收稿日期: 2020-05-18
网络出版日期: 2021-04-01
基金资助
国家自然科学基金(41676083)
Spatial and temporal variations in the residual water level of the Changjiang Estuary and its cause
Received date: 2020-05-18
Online published: 2021-04-01
利用2016年和2017年长江口南支崇西、南门和堡镇水文站逐时水位资料, 大通水文站逐日平均径流量和崇明东滩气象站风速风向, 分析了余水位的时空变化及其成因. 结果表明, 在这3个水文站中, 各月余水位崇西水文站最高, 堡镇水文站最低; 各水文站余水位的落差在低径流量期间较小, 在高径流量期间趋大. 径流量越大, 上下游余水位落差越大. 在2016年, 崇西、南门和堡镇水文站2月余水位最低, 量值分别为2.09 m、1.96 m和1.93 m; 7月达到最大, 量值分别为2.91 m、2.62 m和2.50 m. 余水位主要是由径流量决定的, 风况也是导致余水位变化的一个重要原因. 南风导致余水位下降,北风导致余水位上升. 在2017年, 月平均余水位最小值出现在12月, 崇西、南门和堡镇水文站量值分别为2.04 m、1.91 m和1.87 m, 是由全年最低径流量导致的; 月平均余水位最大值出现在10月, 量值分别为2.79 m、2.58 m和2.49 m. 尽管10月径流量比7月低了24214 m3/s, 但余水位比7月还高, 原因是10月中下旬持续的强偏北风, 产生了强烈的向岸艾克曼水体输运, 导致水位上升. 长江口余水位时空变化显著, 在工程设计和理论研究中需要考虑.

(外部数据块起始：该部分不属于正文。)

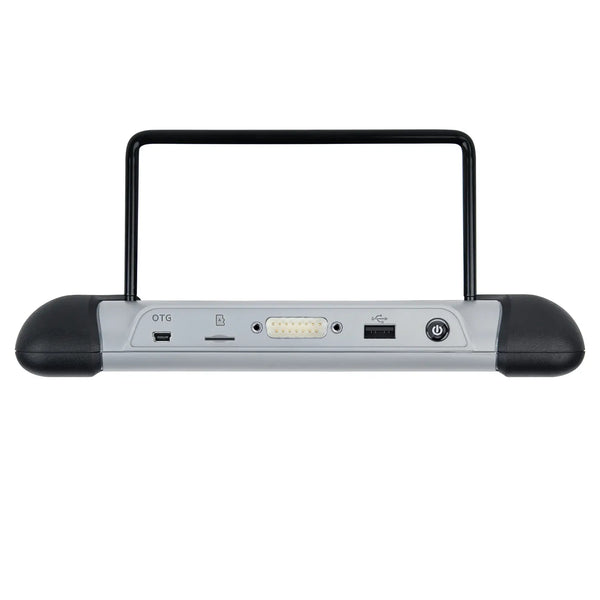 Autel MaxiPro MP808S Kit interface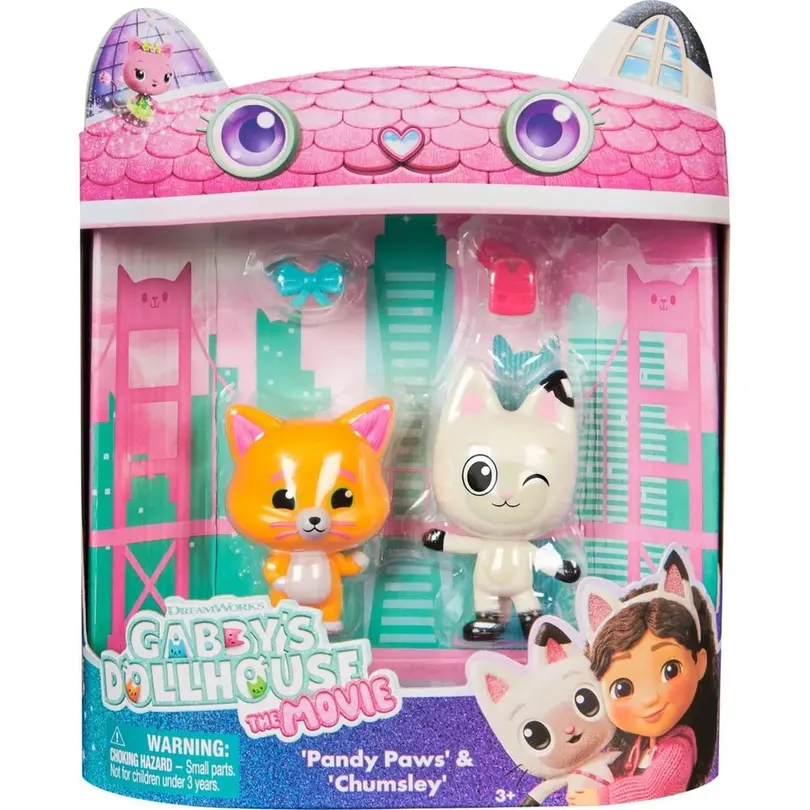 Spielset 2-teilig Spinmaster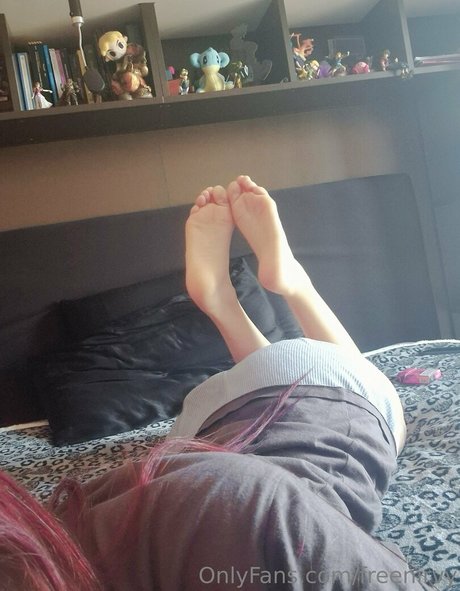 freenirvy hd heiße bild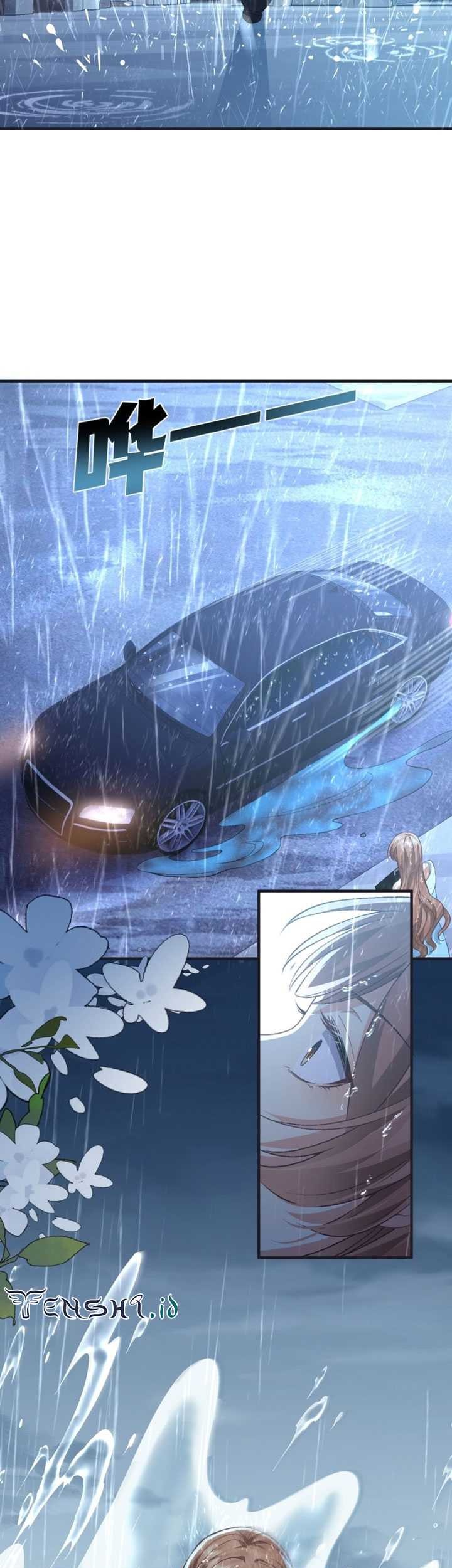 Report! Madam, She Wants to Escape Every Day Chapter 3 - halaman 14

杨正东 , 朱建荣 , 宋云平 , 顾靖华 . 长江口余水位时空变化及其成因[J]. 华东师范大学学报(自然科学版), 2021 , 2021(2) : 12 -20 . DOI: 10.3969/j.issn.1000-5641.2021.02.002
In this study, we analyzed the spatial and temporal variations in the residual water level of the Changjiang Estuary and evaluated the respective causes. To achieve this objective, we used data from the hourly water level at the Chongxi, Nanmen, and Baozhen hydrological stations in the Changjiang Estuary; daily river discharge levels at the Datong hydrological station; and wind speed and direction at the Chongming eastern shoal weather station in 2016 and 2017. The results showed that the residual water level was the highest at Chongxi station and the lowest at Baozhen station among the three hydrological stations in each month. The drops in residual water level among the hydrological stations became smaller during low river discharge and tended to become larger during high river discharge. Higher levels of river discharge were associated with a larger drop in the residual water level. In 2016, the residual water levels at the Chongxi, Nanmen, and Baozhen hydrological stations were lowest in February with values of 2.09, 1.96, and 1.93 m, respectively; similarly, the residual water levels were the highest in July with values of 2.91, 2.62, and 2.50 m, respectively. The residual water level was mainly affected by river discharge, while the wind was also an important influencing factor in the variations observed. Southerly wind made the residual water level decrease, and northerly wind made it increase. In 2017, the minimum monthly mean residual water level occurred in December with values of 2.04, 1.91, and 1.87 m at the Chongxi, Nanmen, and Baozhen hydrological stations, respectively; this coincided with the lowest annual river discharge observed during the same period. The maximum monthly mean residual water level occurred in October with values of 2.79, 2.58, and 2.49 m at the Chongxi, Nanmen, and Baozhen hydrological stations, respectively. Although the river discharge was lower in October than the one in July by 24214 m3/s, the residual water level was higher in October than that in July. The explanation for this phenomenon is the persistent strong northerly wind observed in middle to late October, which produced strong landward Ekman water transport, and resulted in the water level rise. The spatial and temporal variation in the residual water level of the Changjiang Estuary is remarkable, and should be considered in engineering design and theoretical research.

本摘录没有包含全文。